Un defecto hace daño a quien lo tiene, porque perjudica también a quienes lo rodean.
Qué “hacer” con los defectos
Los defectos deben tratarse en dos fases:
- Primero, querer a quienes amamos… con sus defectos: porque forman parte del “pack personal” y no cabe separarlos de él.
- No es posible querer a una persona “parcialmente”, eliminando aspectos de ella: o se la quiere completa, tal como es, o no se la quiere.
- Después… después hay que armarse de paciencia y ayudar al interesado a “soportar” sus propios defectos.

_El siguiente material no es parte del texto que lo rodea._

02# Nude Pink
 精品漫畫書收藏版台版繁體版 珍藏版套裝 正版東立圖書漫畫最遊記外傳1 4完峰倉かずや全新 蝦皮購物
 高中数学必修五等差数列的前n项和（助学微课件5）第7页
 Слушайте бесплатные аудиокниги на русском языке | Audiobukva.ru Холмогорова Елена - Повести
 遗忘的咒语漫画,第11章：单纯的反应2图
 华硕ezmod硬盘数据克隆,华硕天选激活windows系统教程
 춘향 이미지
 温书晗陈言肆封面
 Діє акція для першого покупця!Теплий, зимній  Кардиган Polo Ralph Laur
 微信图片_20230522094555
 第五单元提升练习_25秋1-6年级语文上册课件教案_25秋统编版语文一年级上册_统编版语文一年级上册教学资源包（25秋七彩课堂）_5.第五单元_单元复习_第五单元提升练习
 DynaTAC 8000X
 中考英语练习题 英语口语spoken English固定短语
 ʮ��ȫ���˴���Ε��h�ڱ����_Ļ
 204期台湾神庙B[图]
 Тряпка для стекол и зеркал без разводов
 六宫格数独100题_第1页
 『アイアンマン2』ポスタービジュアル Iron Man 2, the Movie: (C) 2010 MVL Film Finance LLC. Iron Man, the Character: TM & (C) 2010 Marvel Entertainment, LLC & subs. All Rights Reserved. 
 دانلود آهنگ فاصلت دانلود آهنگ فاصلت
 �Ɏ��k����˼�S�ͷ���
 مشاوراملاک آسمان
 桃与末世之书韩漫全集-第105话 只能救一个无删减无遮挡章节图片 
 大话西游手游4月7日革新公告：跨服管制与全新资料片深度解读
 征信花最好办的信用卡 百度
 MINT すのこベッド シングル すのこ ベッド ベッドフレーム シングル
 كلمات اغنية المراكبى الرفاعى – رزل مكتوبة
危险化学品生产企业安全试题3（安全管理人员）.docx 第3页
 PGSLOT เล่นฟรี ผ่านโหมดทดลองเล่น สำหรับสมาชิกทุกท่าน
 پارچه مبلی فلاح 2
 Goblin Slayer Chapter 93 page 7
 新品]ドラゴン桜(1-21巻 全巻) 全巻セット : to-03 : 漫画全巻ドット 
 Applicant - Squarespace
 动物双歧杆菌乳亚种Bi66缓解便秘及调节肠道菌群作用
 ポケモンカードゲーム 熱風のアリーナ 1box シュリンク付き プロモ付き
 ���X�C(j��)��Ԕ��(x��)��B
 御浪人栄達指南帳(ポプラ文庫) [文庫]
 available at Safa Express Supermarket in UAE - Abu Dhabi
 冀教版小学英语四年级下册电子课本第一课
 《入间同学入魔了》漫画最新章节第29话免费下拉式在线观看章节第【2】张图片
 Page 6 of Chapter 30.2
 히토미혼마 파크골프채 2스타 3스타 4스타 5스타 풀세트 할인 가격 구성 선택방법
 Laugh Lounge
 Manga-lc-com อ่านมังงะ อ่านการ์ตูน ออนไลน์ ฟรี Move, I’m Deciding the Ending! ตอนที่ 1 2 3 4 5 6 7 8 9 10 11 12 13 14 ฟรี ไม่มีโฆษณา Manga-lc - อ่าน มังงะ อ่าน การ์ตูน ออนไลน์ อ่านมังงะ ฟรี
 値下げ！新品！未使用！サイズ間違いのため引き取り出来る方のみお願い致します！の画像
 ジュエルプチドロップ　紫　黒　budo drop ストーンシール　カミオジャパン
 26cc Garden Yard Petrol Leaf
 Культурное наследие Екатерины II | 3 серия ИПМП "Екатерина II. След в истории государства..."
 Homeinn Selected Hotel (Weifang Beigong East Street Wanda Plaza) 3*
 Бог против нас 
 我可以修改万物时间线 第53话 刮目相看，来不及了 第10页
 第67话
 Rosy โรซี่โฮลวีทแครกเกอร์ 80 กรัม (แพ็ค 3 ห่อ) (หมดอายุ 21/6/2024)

- No a superarlos, porque por lo general las personas no cambiamos, aunque mejoremos, y nos moriremos con nuestros mismos defectos, pero “muy luchados”.
- Por fin (tercera fase a la que pocos llegan: por eso hablaba de dos), se siente ternura por los defectos del cónyuge (de los hijos es más fácil),
- que está intentando superar sus defectos solo por amor a ti (para él o ella son “naturales”, le vienen “por defecto”)
- y adrede no explico más, porque me gustaría que lo descubrieras por ti mismo/a.
Aceptar a la persona con sus defectos, ayudarle a luchar contra ellos (no necesariamente a vencerlos), sentir ternura si vemos que no los supera.